> **Data segment**:
....
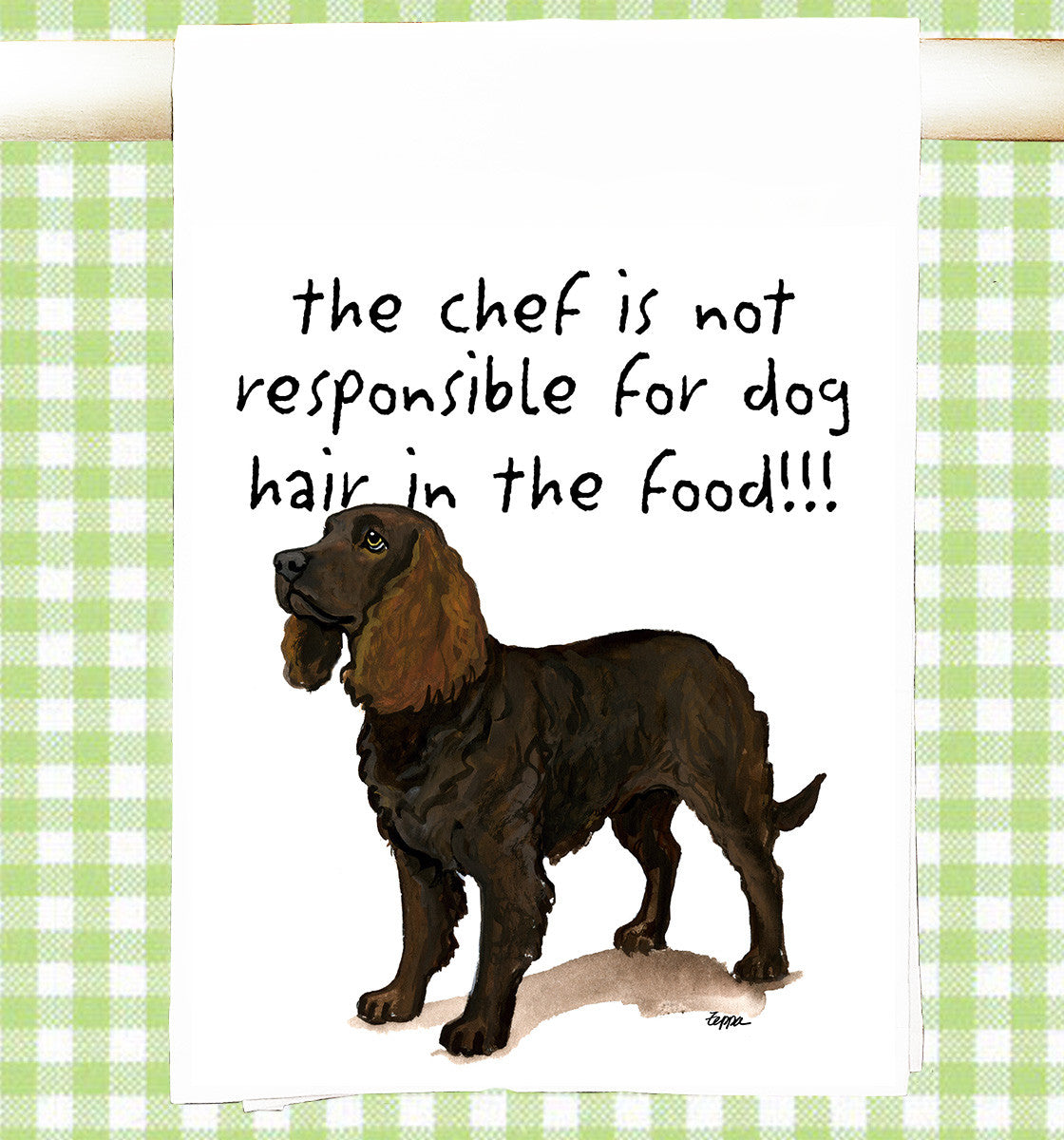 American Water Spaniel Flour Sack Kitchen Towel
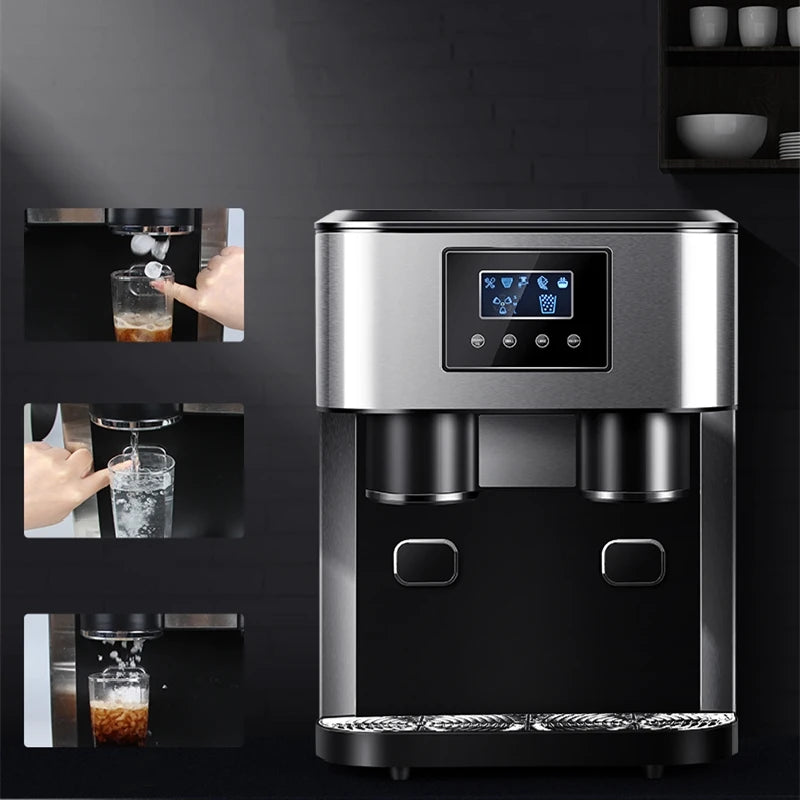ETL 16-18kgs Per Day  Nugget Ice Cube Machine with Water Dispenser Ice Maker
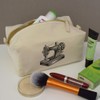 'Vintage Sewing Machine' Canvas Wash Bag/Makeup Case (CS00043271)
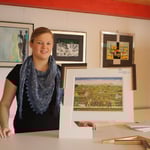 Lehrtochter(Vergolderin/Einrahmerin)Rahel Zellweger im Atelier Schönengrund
....
> **Exercise goal**: Leaving out every picture, extract verbatim the lines from the one containing "Bag/Makeup Case (CS00043271)" through the last line of the listing, inclusive.

> **Task solution**:
 'Vintage Sewing Machine' Canvas Wash Bag/Makeup Case (CS00043271)
 Lehrtochter(Vergolderin/Einrahmerin)Rahel Zellweger im Atelier Schönengrund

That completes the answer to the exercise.